I've been a book worm for pretty much my whole life. I've read many types of books over the course of my life, but currently the sorts of books I enjoy the most are fantasy and science-fiction. I particularly like it if these genre's are mixed with comedy like the style of Douglas Adams and Terry Pratchett. I definitely can enjoy more serious fantasy and science-fiction though. I also enjoy vampire books, but not quite as much as I did when I was younger.

This blog is mainly for my book reviews, but I also post quotes and other random book related things. If you'd like to know more about the books I've read and am planning to read, I'm a member at several different book sites, and links to my profiles are listed under My Pages.

Monday, April 21, 2014

Review of A Wrinkle in Time by Madeleine L'Engle

A Wrinkle in Time by Madeleine L'Engle is one of my favorite books from childhood. In this story two children, Meg and Charles Wallace, along with their friend Calvin, meet three extraordinary extra-terrestrials who take them on a journey to save their father who is being held prisoner on another planet. The children must learn to use both their strengths and their faults and think outside the box in order to succeed in their mission.

I would consider this story to be a combination of science fiction and fantasy.
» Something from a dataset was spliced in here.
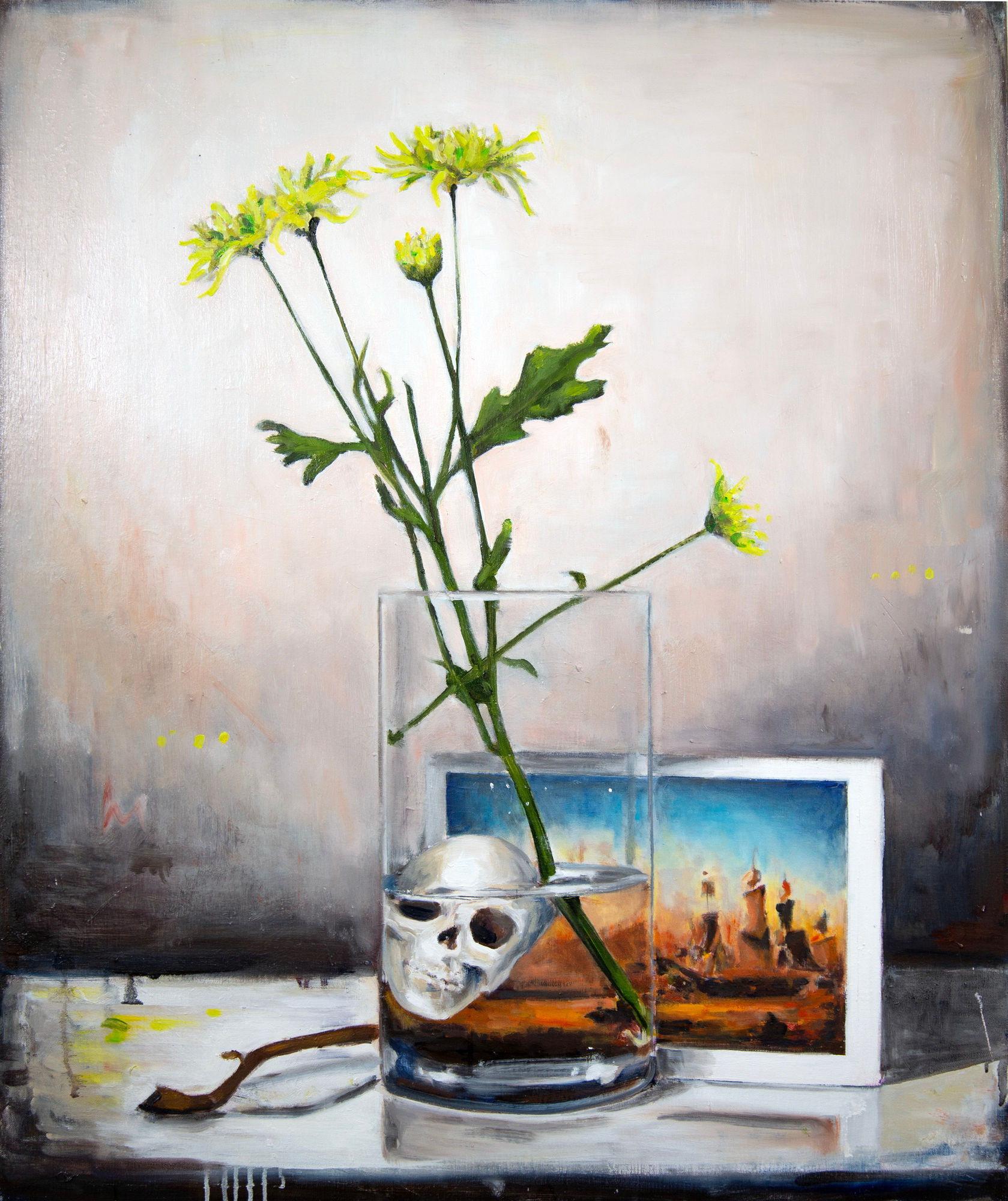 Fabrizio Biviano, We are setting sail to a place on a map from which no one has ever returned, 2024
Although the methods of space travel are based in scientific theory, there really isn't any explanation for how it is supposed to work or any technological devices used, so the effect is pretty much the equivalent of magical teleportation. I enjoyed reading this book nearly as much as an adult as I did when I was a child. In some ways I got even more out of it as an adult since I understand many of the scientific concepts talked about in the book much better now.

The only thing that bugs me about this book at this point in my life is the overt Judeo-Christian themes present in some places in the story. It would have been nice if the author could have stuck with the basic good vs. evil theme without bringing religion into it. I don't necessarily mind spiritual themes in the books I read, but it just felt like a bit much when it was implied that the characters were chosen for a mission by God, especially in what is supposed to be a science fiction story. Though if I recall correctly, the author also uses religious themes in other books in the series as well. In any case I felt that as much as it bugged me, that I could overlook these details in a book that is a childhood favorite, and it didn't spoil my enjoyment of the book too much. I would strongly recommend this book to both children and adults as it contains some very powerful messages in addition to being a great science fiction adventure story.